Myanmar rebels prepare to hand key city back to junta, China says
A Myanmar ethnic minority armed group is preparing to hand a captured city back to the military in a Beijing-brokered deal, China's foreign ministry said Tuesday, as residents reported junta troops already returning.
The Myanmar National Democratic Alliance Army (MNDAA) ousted Myanmar's military from the city of Lashio in August 2024, capturing their northeastern command and a key trade route to China.
Analysts say it was the worst strategic loss the military suffered since seizing power in a 2021 coup that sparked a civil war pitting the generals against anti-coup fighters and long-active ethnic armed groups.
But Chinese foreign ministry spokesman Guo Jiakun told reporters the MNDAA is set to relinquish the city to the military without firing a shot.

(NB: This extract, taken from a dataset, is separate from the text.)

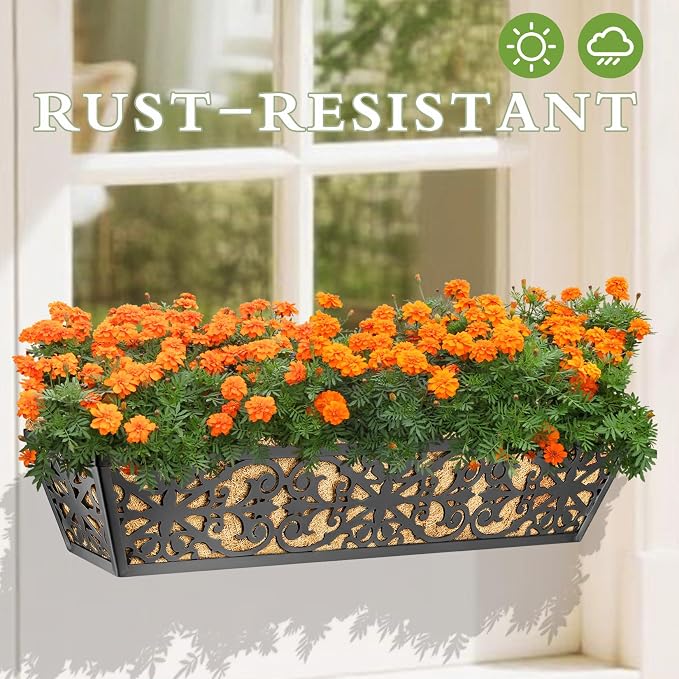 4 Pack 30 Inch Window Boxes Planters Railing Planter Box with Adjustable Brackets & Coco Liners Fabric Plant Grow Bags Deck Railing Planter Boxes Balcony Hanging Flower Box for Outdoor Plants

"At the joint invitation of both sides, China recently dispatched a ceasefire monitoring team to Lashio, Myanmar, to oversee the ceasefire between the Myanmar military and the MNDAA and to witness the smooth and orderly handover of Lashio's urban area," he said.
China is a major ally and arms supplier of the junta but also maintains ties with ethnic rebel groups that hold territory near its border like the MNDAA, which can muster around 8,000 fighters.
Monitors have said the fall of Lashio -- around 100 kilometres (62 miles) from Chinese territory -- was a step too far for Beijing, which balked at the prospect of instability on its borders.
- Military movements in Lashio -
The MNDAA has not commented on the handover and a spokesman for Myanmar's military could not be reached by AFP for comment.
But a military source, speaking on condition of anonymity, told AFP: "Some military officers have been transferred to Lashio in recent days. Some are on their way to Lashio already."
One Lashio resident this week told AFP they had been turned away by an MNDAA checkpoint outside a hotel, after being told members of the group were meeting Myanmar military officials inside.
And a spokesman for the Lashio office of another ethnic armed organisation, allied with the MNDAA, told AFP they were "seeing military vehicles in town".
In late 2023, the MNDAA and two other ethnic rebel groups began a combined offensive which seized swathes of Myanmar's northern Shan state, including lucrative ruby mines and trade links.
Beijing has long been eyeing the territory for infrastructure investment under its trillion-dollar Belt and Road infrastructure initiative.
After Lashio's fall China cut power, water and internet to the MNDAA's homeland region of Kokang, a source close to the group told AFP.
In December it said it would cease fire and was ready for China-mediated "peace talks with the Myanmar army on issues such as Lashio".